Everything in the listing below should be written out again exactly, except the pictures.

### DATA SHOWN
--
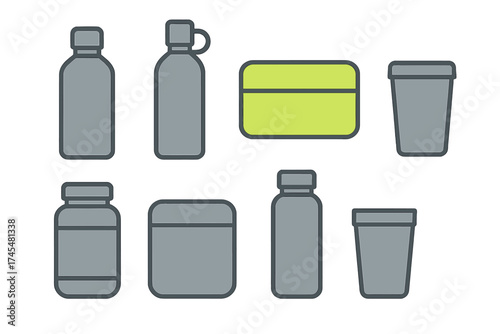 Minimalist set of reusable containers for supplements, hydration, and food storage for fitness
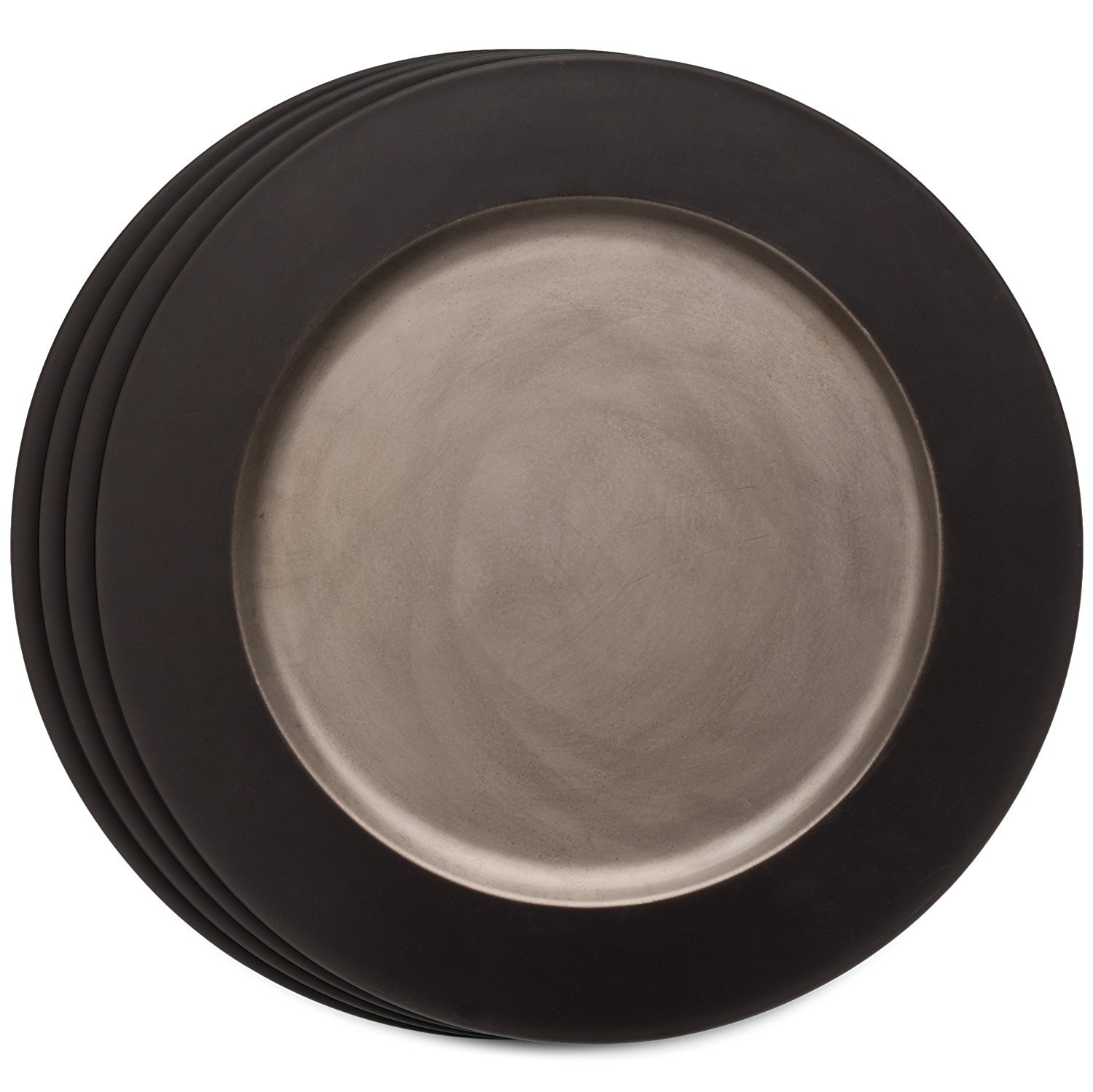 Old River Road Chalkboard Border Charger Plates - Set of 4 for Farmhouse Dining, Rustic Table Decor, and Wedding Dinnerware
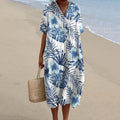 Women's Holiday Flowers Art Print Flowy Dress artswardrobe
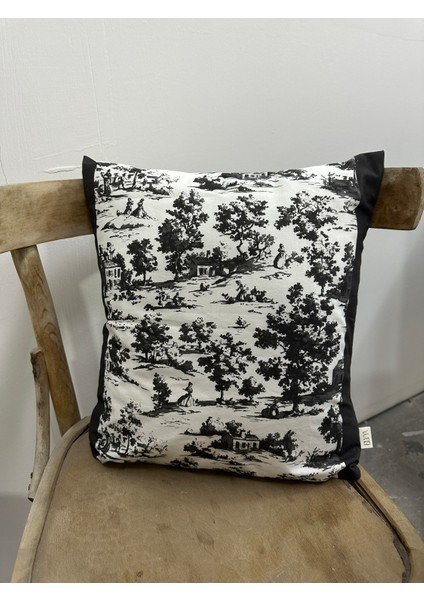 Toile De Jouy Monet Kırlent Kılıfı 43X43 cm | %100 Pamuk Dijital Baskılı | Country Tarzı Fransız Dekoratif Yastık Kılıfı - ZT750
--
### RESPONSE TO THE TASK
 Minimalist set of reusable containers for supplements, hydration, and food storage for fitness
 Old River Road Chalkboard Border Charger Plates - Set of 4 for Farmhouse Dining, Rustic Table Decor, and Wedding Dinnerware
 Women's Holiday Flowers Art Print Flowy Dress artswardrobe
 Toile De Jouy Monet Kırlent Kılıfı 43X43 cm | %100 Pamuk Dijital Baskılı | Country Tarzı Fransız Dekoratif Yastık Kılıfı - ZT750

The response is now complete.